City Pages’ Rachel Hutton asks for comments on the bill to allow liquor sales on Sunday in Minnesota.  Says “AG”: “Well, if it’s a matter of smaller businesses not wanting to stay open on Sunday, let them stay closed. I’ve driven to WI for booze before out of last-minute necessity, and I’ll do it again if our brilliant elected officials can’t pull their heads out of their collective asses long enough to make their constituents happy.” To that, “boozefreedom” adds: “There is no good reason to prohibit Sunday sales of liquor. We all know the only reason its on the books is some midwestern cultural/religious values that once did, but no longer have a place in forming legislation. People need booze on Sunday even more than most days — there are sports to watch, family and friendly gatherings to be had.” And “valentine” says: “I would rather see beer and wine sales in grocery stores. I am burdened more often with stopping at two places on my way home than having nothing to get day drunk with on a Sunday.” Hey … she asked.

An opponent any opponent for Amy Klobuchar in 2012 has yet to make an appearance. Tom Scheck of MPR runs through a list of suspects: “ Minnesota Republican Party Chair Tony Sutton says he’s not worried that a candidate hasn’t emerged yet. He said he’s had private meetings with several potential candidates and has been ‘very aggressive’ in finding a candidate to challenge Klobuchar. ‘There are people definitely weighing their options,’ Sutton said. ‘I think you’ll start to see people emerge here and bubble up in the next 60 to 90 days, and it would be a very vigorous contest.’ Sutton said he thinks a candidate will still have time to campaign and raise money if he or she announces by the summer. Sutton insisted that Klobuchar is vulnerable. He called her support ‘a mile wide and an inch deep.’ ” As for you-know-who … “One wild card in this race is GOP Rep. Michele Bachmann. Bachmann, who appears to be gearing up for a run for the White House, could make a run for the U.S. Senate instead. Bachmann is a solid fundraiser and has high name recognition. One problem for her is that a recent poll shows her well behind Klobuchar.”

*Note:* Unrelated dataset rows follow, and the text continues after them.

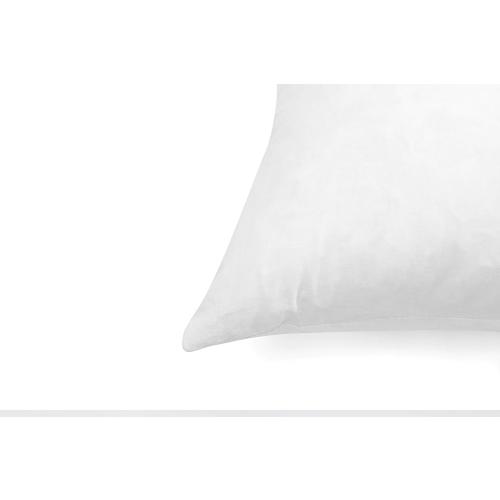 Luxury Goose Down Feather Pillow Inserts - 20x20IN, Double Layered Down-Proof Design, Ultra-Soft Cover, High Fill Weight, Pack of 2, White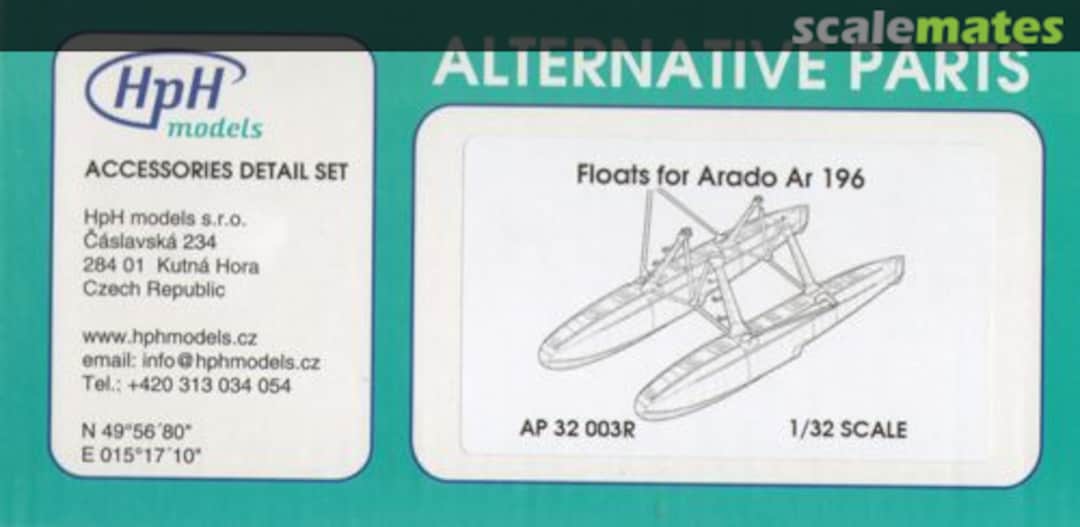 Boxart Arado Ar 196 Floats AP 32 003R HpH models Boxart Arado Ar 196 Floats AP 32 003R HpH models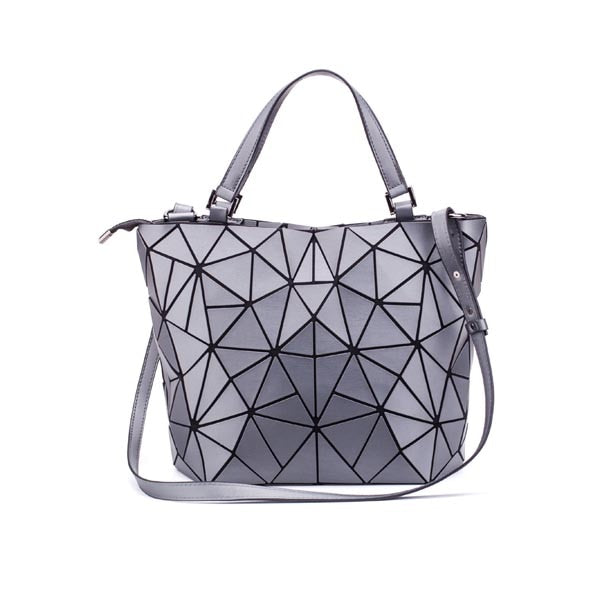 Luminous bag bao bag geometric bags for women 2020 Quilted Shoulder Bags Laser Plain Folding female Handbags bolsa feminina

As you stock up on beverages, chips and obnoxious friends to watch Sunday’s Super Bowl, you might like to know that according to a poll, Brett Favre is rated the “Most Disliked” player in the NFL. The Hollywood Reporter writes: “[R]esults show that Steelers quarterback Ben Roethlisberger is the most disliked player going into Sunday’s game and the fourth most disliked player in the league — behind Brett Favre, Michael Vick and Tom Brady.”

But it gets more pathetic … “The poll, conducted by Penn Schoen Berland, shows that 78 percent of Americans plan to watch the game — up five percent from last year and ten percent from 2009’s game. The men make up the bulk of this ratings increase, with 89 percent of males polled saying they would watch the game. But the numbers show that 68 percent of America’s women will watch the game, up nine percent from 2009. A further finding in the poll shows that the Super Bowl is the second most important day in an American male’s life during the year. The poll results show that men get excited for the Super Bowl more than any other day, with the exception of Christmas, and look forward to it more than their anniversary, birthday or Thanksgiving.”